Forças sombrias buscam desesperadamente por uma jovem que carrega uma marca antiga na pele e, segundo rumores, a garota foi finalmente avistada... Quando um rei implacável e sedento por poder chamado Draxus invade seu reino, a Princesa Lillian, a próxima na linha de sucessão ao trono, precisa tomar uma decisão séria. Ou ela aceita se casar com o tirano dominante e se torna, por vontade própria, sua leal Rainha, ou condena seu povo a uma morte ardente pelas mãos impiedosas dele. Com apenas uma solução óbvia, ela aceita. O que ela mal sabe é sobre o futuro que a aguarda. Um futuro repleto de aventuras ousadas, magia mística e êxtase sem fim... NOTA - Este é o Livro 1 da série 'Power'. Para continuar a série, procure pelo Livro 2 intitulado 'The Order of the Pearl Dragon', disponível aqui no Inkitt.

Status
Completo
Capítulos
31
Classificação
4.5 65 avaliações
Classificação Etária
18+

Capítulo 1 - As Aparências Enganam

Livro 1 na Série POWER...


O Rei Draxus marchava pelo centro de seu grande acampamento. Suas botas grossas e pretas afundavam na lama que escorria, enquanto ele seguia em ritmo acelerado.

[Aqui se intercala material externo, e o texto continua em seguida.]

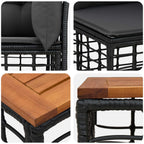 Conjunto de sofás de exterior 5 pcs Negro y Gris oscuro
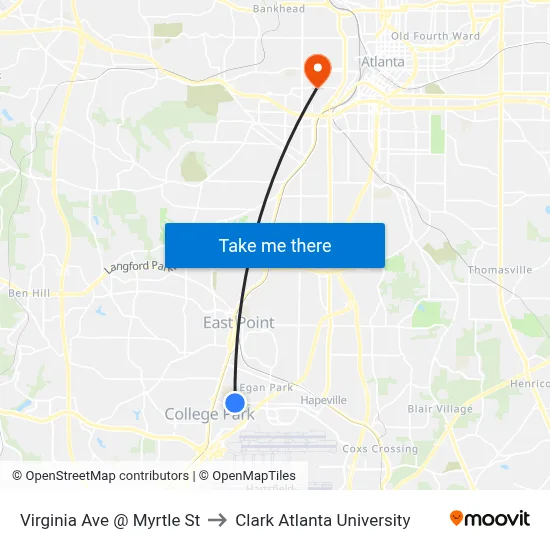 Virginia Ave @ Myrtle St to Clark Atlanta University map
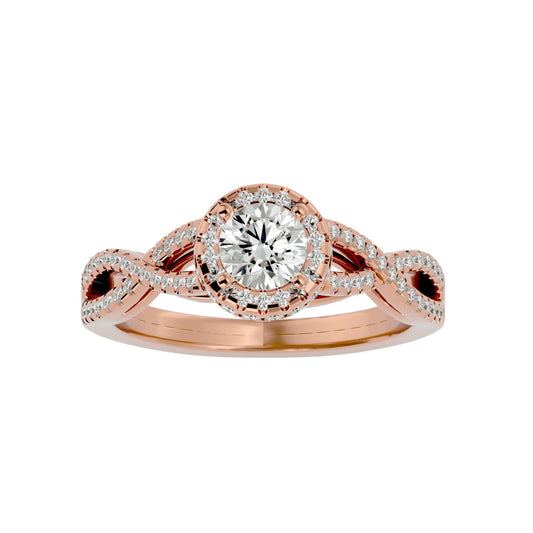 Lab Grown Round Diamond Halo Ring In Rose Gold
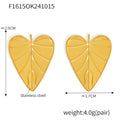 Heart Leaf Vein Texture Stud Earrings Gold Silver Pair view 6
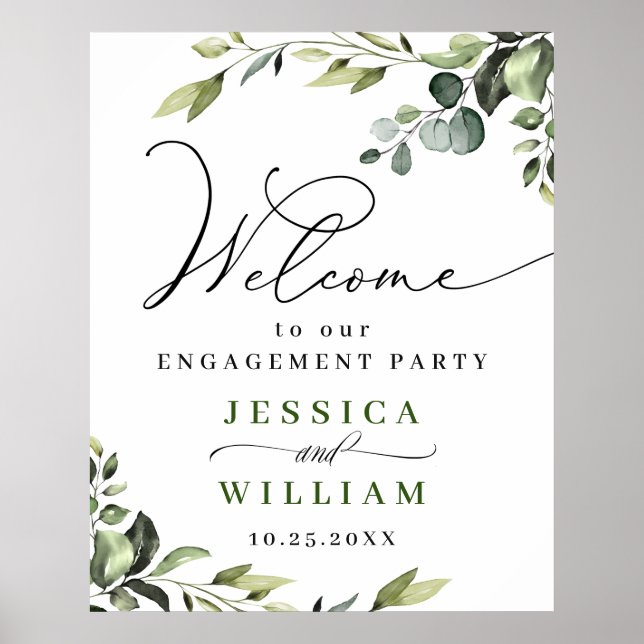 Elegant Watercolor Eucalyptus Engagement Party Poster (Front)
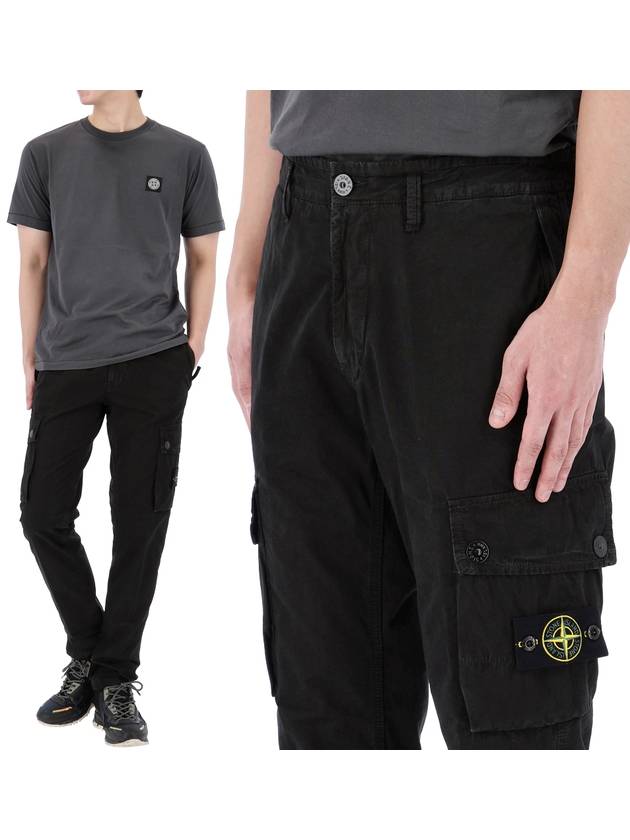 Wappen Patch Old Treatment Slim Fit Cargo Straight Pants Black - STONE ISLAND - BALAAN 2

Após um recente ataque a uma pequena aldeia próxima, ficou claro que um dos prisioneiros capturados possuía informações importantes, que só seriam reveladas àquele conhecido como ‘Rei Dragão’.

O Rei Draxus também era conhecido como o Rei Dragão.

Assim que se aproximou da tenda de interrogatório, dois de seus soldados vestidos de preto o notaram. Eles se abaixaram rapidamente para abrir a entrada da tenda, permitindo que ele entrasse com um movimento fluido.

O interior da tenda estava um pouco escuro. Um homem negro, alto e forte, com cabelos longos e trançados, deu um passo à frente e fez uma breve reverência.

Era o General Shasharan, um dos seguidores mais leais de Draxus e seu comandante-chefe.

“Meu Rei,” cumprimentou o General com respeito.

“Qual deles é?” a voz de Draxus ecoou, grave e rouca sob seu grande elmo com chifres, enquanto ele olhava para os três homens ajoelhados diante dele.

Uma segunda figura, vestida com armadura preta e dourada e coberta por uma variedade de tatuagens, surgiu atrás de um dos homens ajoelhados. Ele agarrou o prisioneiro violentamente pelos cabelos enquanto falava.

“Este aqui, senhor.”

O aldeão ajoelhado soltou um gemido alto de dor quando seu cabelo foi puxado para trás, erguendo seu rosto para que o Rei pudesse ver.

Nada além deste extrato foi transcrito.